I am a little bit unfocused on this topic, as I begin to write. I have been ready for a new beginning that was to have happened this summer, and had it "called off" or at least "delayed for an undetermined length of time"...
Because the move was supposed to be happening on May 1, we packed most everything we thought we'd need at the new house; and made piles for Goodwill, for a yard sale, to give to our kids, to give to church, of trash, to keep, and of "I don't know about this stuff yet".
We started attending our new church just over an hour away from our present home, but closer to our new one...if we were there, that would make it convenient...but we aren't, so it isn't.
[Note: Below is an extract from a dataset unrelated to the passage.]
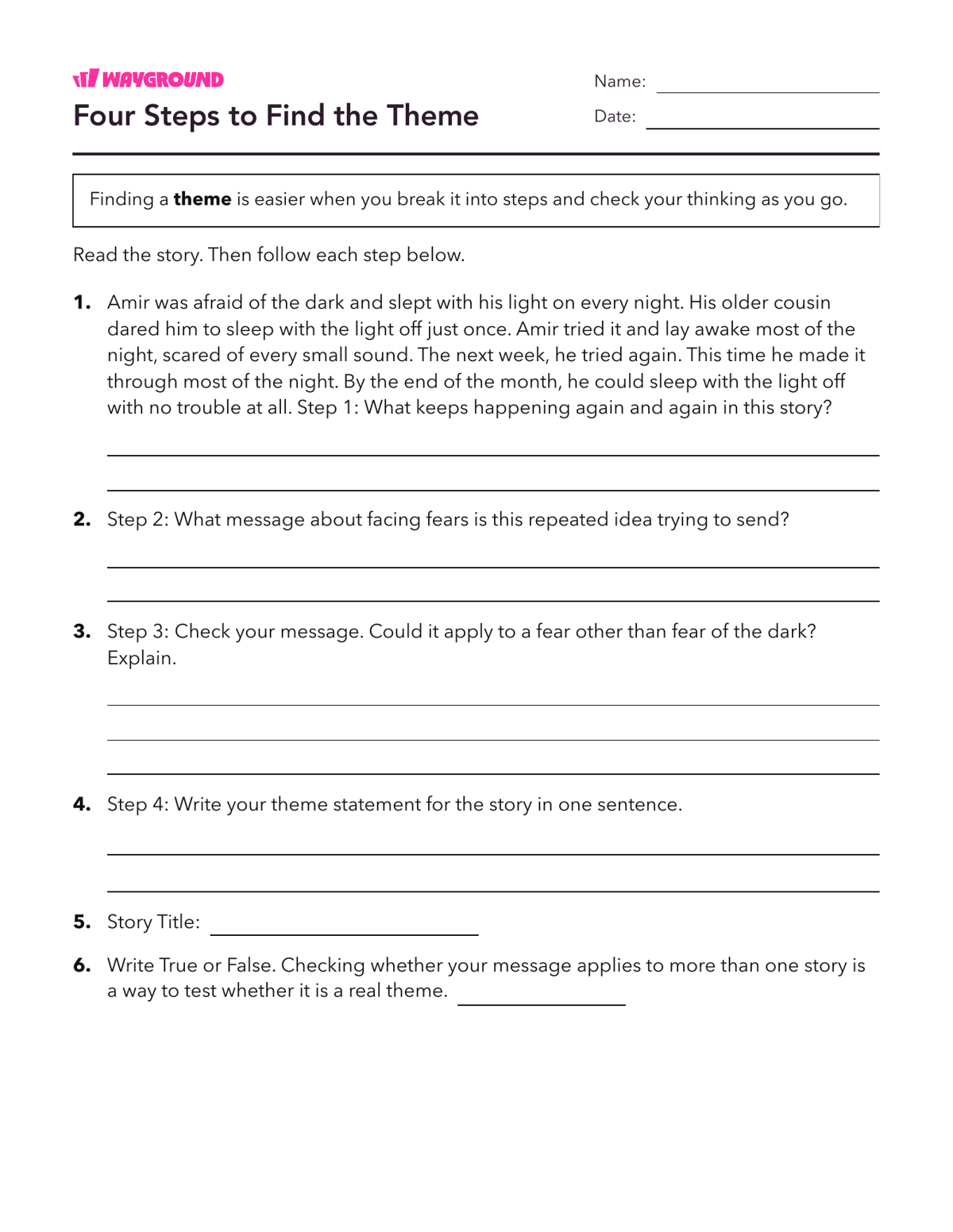 Four Steps to Find the Theme - Dapat dicetak Tema Lembar-kerja Kelas 4 - Wayground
|Kitchen in a Box... an ending or a beginning?|
But we'd never really seen a finish line before. We'd never really started preparing for a move. This time it seemed it would really happen, so we had begun the process - a process that has now essentially stopped mid-stride. We are living in piles of stuff. We stopped sorting. Stopped throwing away. Stopped caring. Caring seemed to be too emotional, and we wanted to make it less stressful. We wouldn't make it that important; it wasn't that important.
However, instead of getting down to business and sorting at a more leisurely pace, we stopped that, too. Beach trips, motorcycle jaunts, Starbucks, grand kids have all taken priority. And now it is August with nothing more done. I'm sitting in a mess, with few clothes to choose from each day. I spend precious minutes searching for the paper towels or other items we've bought, but didn't want to put them "away - away". Filling cabinets with stuff again seems so counterproductive!
New beginnings. Sigh. It seems that there is something wrong with the way we handled this delay in our new beginning. Every morning I started with the thought that it would be different today. Today I would surely pack more for the move or even unpack a small box of things I know we could use.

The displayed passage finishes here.